To do
Repeat the entries exactly. Leave nothing out.

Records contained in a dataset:
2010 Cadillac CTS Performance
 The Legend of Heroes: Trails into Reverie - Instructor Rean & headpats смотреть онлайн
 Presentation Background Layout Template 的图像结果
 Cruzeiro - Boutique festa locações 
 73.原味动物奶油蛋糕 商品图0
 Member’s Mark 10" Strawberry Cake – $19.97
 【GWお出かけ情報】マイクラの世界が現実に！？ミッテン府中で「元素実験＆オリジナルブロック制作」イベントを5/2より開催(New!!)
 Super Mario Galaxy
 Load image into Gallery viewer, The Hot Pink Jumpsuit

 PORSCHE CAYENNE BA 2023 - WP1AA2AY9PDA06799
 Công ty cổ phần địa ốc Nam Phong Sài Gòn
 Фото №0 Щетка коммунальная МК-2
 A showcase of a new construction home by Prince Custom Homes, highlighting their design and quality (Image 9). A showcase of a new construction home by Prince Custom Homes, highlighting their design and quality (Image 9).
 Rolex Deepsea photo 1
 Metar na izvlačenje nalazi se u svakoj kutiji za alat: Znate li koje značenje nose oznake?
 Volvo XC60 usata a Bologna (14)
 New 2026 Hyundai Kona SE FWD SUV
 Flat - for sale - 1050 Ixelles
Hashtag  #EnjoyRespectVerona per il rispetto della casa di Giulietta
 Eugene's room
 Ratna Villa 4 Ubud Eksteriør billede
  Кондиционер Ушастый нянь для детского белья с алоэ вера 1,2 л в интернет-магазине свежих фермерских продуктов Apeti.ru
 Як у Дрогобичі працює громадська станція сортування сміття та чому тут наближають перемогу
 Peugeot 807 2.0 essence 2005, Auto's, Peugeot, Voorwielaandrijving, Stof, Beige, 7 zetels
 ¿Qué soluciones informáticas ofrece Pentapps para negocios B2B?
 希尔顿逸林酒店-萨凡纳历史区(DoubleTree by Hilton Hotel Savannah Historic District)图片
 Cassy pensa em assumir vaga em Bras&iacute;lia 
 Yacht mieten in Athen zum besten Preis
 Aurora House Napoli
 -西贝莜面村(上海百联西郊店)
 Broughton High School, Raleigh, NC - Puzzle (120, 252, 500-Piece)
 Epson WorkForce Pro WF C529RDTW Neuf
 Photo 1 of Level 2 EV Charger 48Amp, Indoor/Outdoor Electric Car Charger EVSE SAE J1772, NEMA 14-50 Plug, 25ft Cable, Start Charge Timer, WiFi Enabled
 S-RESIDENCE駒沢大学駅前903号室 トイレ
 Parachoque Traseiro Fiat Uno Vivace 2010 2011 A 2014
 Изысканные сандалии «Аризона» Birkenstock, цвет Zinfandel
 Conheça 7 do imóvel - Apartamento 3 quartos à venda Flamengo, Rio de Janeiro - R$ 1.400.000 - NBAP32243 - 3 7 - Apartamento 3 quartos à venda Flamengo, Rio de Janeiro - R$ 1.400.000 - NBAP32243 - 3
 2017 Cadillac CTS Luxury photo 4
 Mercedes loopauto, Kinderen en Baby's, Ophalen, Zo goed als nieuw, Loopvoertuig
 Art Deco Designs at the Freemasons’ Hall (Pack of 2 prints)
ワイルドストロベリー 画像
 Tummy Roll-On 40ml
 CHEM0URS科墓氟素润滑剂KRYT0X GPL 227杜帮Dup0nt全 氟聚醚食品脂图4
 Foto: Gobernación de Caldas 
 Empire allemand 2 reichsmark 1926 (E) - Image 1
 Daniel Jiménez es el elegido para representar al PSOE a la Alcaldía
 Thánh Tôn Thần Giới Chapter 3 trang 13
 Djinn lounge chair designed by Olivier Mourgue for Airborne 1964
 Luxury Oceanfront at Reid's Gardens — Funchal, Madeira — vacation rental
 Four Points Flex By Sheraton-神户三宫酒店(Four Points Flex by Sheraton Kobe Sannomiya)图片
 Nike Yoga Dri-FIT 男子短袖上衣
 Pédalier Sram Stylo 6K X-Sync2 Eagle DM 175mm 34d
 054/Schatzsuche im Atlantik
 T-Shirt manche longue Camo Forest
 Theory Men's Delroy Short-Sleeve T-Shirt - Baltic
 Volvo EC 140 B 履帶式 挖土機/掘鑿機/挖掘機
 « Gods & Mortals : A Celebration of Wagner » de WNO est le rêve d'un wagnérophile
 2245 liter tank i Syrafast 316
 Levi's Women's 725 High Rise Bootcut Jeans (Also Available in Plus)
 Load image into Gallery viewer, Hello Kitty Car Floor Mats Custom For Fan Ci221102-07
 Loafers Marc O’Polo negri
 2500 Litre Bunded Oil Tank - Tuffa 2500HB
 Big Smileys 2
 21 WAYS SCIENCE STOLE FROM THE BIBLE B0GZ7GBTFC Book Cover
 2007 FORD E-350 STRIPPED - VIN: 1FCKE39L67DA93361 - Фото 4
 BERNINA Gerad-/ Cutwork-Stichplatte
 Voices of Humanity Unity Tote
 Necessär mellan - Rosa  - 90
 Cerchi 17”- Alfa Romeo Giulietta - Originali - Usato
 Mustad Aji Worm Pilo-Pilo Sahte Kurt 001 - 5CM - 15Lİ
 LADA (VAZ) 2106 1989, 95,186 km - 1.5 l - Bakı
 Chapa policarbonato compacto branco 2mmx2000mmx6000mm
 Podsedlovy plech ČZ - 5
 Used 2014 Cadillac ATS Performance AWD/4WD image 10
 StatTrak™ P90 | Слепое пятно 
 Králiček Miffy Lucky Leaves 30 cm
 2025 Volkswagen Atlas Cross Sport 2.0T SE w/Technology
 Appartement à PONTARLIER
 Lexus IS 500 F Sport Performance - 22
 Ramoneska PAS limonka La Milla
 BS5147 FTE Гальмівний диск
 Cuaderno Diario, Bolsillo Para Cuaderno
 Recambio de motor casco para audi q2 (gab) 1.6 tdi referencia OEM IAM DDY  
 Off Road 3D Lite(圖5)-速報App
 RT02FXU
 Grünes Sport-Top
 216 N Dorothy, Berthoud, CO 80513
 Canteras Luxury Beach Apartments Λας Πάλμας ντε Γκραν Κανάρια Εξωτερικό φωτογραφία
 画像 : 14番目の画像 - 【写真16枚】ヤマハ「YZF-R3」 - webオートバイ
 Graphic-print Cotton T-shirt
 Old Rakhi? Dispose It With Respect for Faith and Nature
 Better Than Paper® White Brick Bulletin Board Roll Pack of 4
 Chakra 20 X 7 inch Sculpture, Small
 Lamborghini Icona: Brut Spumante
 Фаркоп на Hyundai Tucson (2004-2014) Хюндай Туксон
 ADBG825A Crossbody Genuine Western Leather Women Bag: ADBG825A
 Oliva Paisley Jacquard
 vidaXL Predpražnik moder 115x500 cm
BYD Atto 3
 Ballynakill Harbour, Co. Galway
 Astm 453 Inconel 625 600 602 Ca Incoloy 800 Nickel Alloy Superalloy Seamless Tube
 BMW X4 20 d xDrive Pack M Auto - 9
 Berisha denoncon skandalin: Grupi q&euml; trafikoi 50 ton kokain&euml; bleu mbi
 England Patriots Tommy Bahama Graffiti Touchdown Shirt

Result of the task
2010 Cadillac CTS Performance
 The Legend of Heroes: Trails into Reverie - Instructor Rean & headpats смотреть онлайн
 Presentation Background Layout Template 的图像结果
 Cruzeiro - Boutique festa locações 
 73.原味动物奶油蛋糕 商品图0
 Member’s Mark 10" Strawberry Cake – $19.97
 【GWお出かけ情報】マイクラの世界が現実に！？ミッテン府中で「元素実験＆オリジナルブロック制作」イベントを5/2より開催(New!!)
 Super Mario Galaxy
 Load image into Gallery viewer, The Hot Pink Jumpsuit

 PORSCHE CAYENNE BA 2023 - WP1AA2AY9PDA06799
 Công ty cổ phần địa ốc Nam Phong Sài Gòn
 Фото №0 Щетка коммунальная МК-2
 A showcase of a new construction home by Prince Custom Homes, highlighting their design and quality (Image 9). A showcase of a new construction home by Prince Custom Homes, highlighting their design and quality (Image 9).
 Rolex Deepsea photo 1
 Metar na izvlačenje nalazi se u svakoj kutiji za alat: Znate li koje značenje nose oznake?
 Volvo XC60 usata a Bologna (14)
 New 2026 Hyundai Kona SE FWD SUV
 Flat - for sale - 1050 Ixelles
Hashtag  #EnjoyRespectVerona per il rispetto della casa di Giulietta
 Eugene's room
 Ratna Villa 4 Ubud Eksteriør billede
  Кондиционер Ушастый нянь для детского белья с алоэ вера 1,2 л в интернет-магазине свежих фермерских продуктов Apeti.ru
 Як у Дрогобичі працює громадська станція сортування сміття та чому тут наближають перемогу
 Peugeot 807 2.0 essence 2005, Auto's, Peugeot, Voorwielaandrijving, Stof, Beige, 7 zetels
 ¿Qué soluciones informáticas ofrece Pentapps para negocios B2B?
 希尔顿逸林酒店-萨凡纳历史区(DoubleTree by Hilton Hotel Savannah Historic District)图片
 Cassy pensa em assumir vaga em Bras&iacute;lia 
 Yacht mieten in Athen zum besten Preis
 Aurora House Napoli
 -西贝莜面村(上海百联西郊店)
 Broughton High School, Raleigh, NC - Puzzle (120, 252, 500-Piece)
 Epson WorkForce Pro WF C529RDTW Neuf
 Photo 1 of Level 2 EV Charger 48Amp, Indoor/Outdoor Electric Car Charger EVSE SAE J1772, NEMA 14-50 Plug, 25ft Cable, Start Charge Timer, WiFi Enabled
 S-RESIDENCE駒沢大学駅前903号室 トイレ
 Parachoque Traseiro Fiat Uno Vivace 2010 2011 A 2014
 Изысканные сандалии «Аризона» Birkenstock, цвет Zinfandel
 Conheça 7 do imóvel - Apartamento 3 quartos à venda Flamengo, Rio de Janeiro - R$ 1.400.000 - NBAP32243 - 3 7 - Apartamento 3 quartos à venda Flamengo, Rio de Janeiro - R$ 1.400.000 - NBAP32243 - 3
 2017 Cadillac CTS Luxury photo 4
 Mercedes loopauto, Kinderen en Baby's, Ophalen, Zo goed als nieuw, Loopvoertuig
 Art Deco Designs at the Freemasons’ Hall (Pack of 2 prints)
ワイルドストロベリー 画像
 Tummy Roll-On 40ml
 CHEM0URS科墓氟素润滑剂KRYT0X GPL 227杜帮Dup0nt全 氟聚醚食品脂图4
 Foto: Gobernación de Caldas 
 Empire allemand 2 reichsmark 1926 (E) - Image 1
 Daniel Jiménez es el elegido para representar al PSOE a la Alcaldía
 Thánh Tôn Thần Giới Chapter 3 trang 13
 Djinn lounge chair designed by Olivier Mourgue for Airborne 1964
 Luxury Oceanfront at Reid's Gardens — Funchal, Madeira — vacation rental
 Four Points Flex By Sheraton-神户三宫酒店(Four Points Flex by Sheraton Kobe Sannomiya)图片
 Nike Yoga Dri-FIT 男子短袖上衣
 Pédalier Sram Stylo 6K X-Sync2 Eagle DM 175mm 34d
 054/Schatzsuche im Atlantik
 T-Shirt manche longue Camo Forest
 Theory Men's Delroy Short-Sleeve T-Shirt - Baltic
 Volvo EC 140 B 履帶式 挖土機/掘鑿機/挖掘機
 « Gods & Mortals : A Celebration of Wagner » de WNO est le rêve d'un wagnérophile
 2245 liter tank i Syrafast 316
 Levi's Women's 725 High Rise Bootcut Jeans (Also Available in Plus)
 Load image into Gallery viewer, Hello Kitty Car Floor Mats Custom For Fan Ci221102-07
 Loafers Marc O’Polo negri
 2500 Litre Bunded Oil Tank - Tuffa 2500HB
 Big Smileys 2
 21 WAYS SCIENCE STOLE FROM THE BIBLE B0GZ7GBTFC Book Cover
 2007 FORD E-350 STRIPPED - VIN: 1FCKE39L67DA93361 - Фото 4
 BERNINA Gerad-/ Cutwork-Stichplatte
 Voices of Humanity Unity Tote
 Necessär mellan - Rosa  - 90
 Cerchi 17”- Alfa Romeo Giulietta - Originali - Usato
 Mustad Aji Worm Pilo-Pilo Sahte Kurt 001 - 5CM - 15Lİ
 LADA (VAZ) 2106 1989, 95,186 km - 1.5 l - Bakı
 Chapa policarbonato compacto branco 2mmx2000mmx6000mm
 Podsedlovy plech ČZ - 5
 Used 2014 Cadillac ATS Performance AWD/4WD image 10
 StatTrak™ P90 | Слепое пятно 
 Králiček Miffy Lucky Leaves 30 cm
 2025 Volkswagen Atlas Cross Sport 2.0T SE w/Technology
 Appartement à PONTARLIER
 Lexus IS 500 F Sport Performance - 22
 Ramoneska PAS limonka La Milla
 BS5147 FTE Гальмівний диск
 Cuaderno Diario, Bolsillo Para Cuaderno
 Recambio de motor casco para audi q2 (gab) 1.6 tdi referencia OEM IAM DDY  
 Off Road 3D Lite(圖5)-速報App
 RT02FXU
 Grünes Sport-Top
 216 N Dorothy, Berthoud, CO 80513
 Canteras Luxury Beach Apartments Λας Πάλμας ντε Γκραν Κανάρια Εξωτερικό φωτογραφία
 画像 : 14番目の画像 - 【写真16枚】ヤマハ「YZF-R3」 - webオートバイ
 Graphic-print Cotton T-shirt
 Old Rakhi? Dispose It With Respect for Faith and Nature
 Better Than Paper® White Brick Bulletin Board Roll Pack of 4
 Chakra 20 X 7 inch Sculpture, Small
 Lamborghini Icona: Brut Spumante
 Фаркоп на Hyundai Tucson (2004-2014) Хюндай Туксон
 ADBG825A Crossbody Genuine Western Leather Women Bag: ADBG825A
 Oliva Paisley Jacquard
 vidaXL Predpražnik moder 115x500 cm
BYD Atto 3
 Ballynakill Harbour, Co. Galway
 Astm 453 Inconel 625 600 602 Ca Incoloy 800 Nickel Alloy Superalloy Seamless Tube
 BMW X4 20 d xDrive Pack M Auto - 9
 Berisha denoncon skandalin: Grupi q&euml; trafikoi 50 ton kokain&euml; bleu mbi
 England Patriots Tommy Bahama Graffiti Touchdown Shirt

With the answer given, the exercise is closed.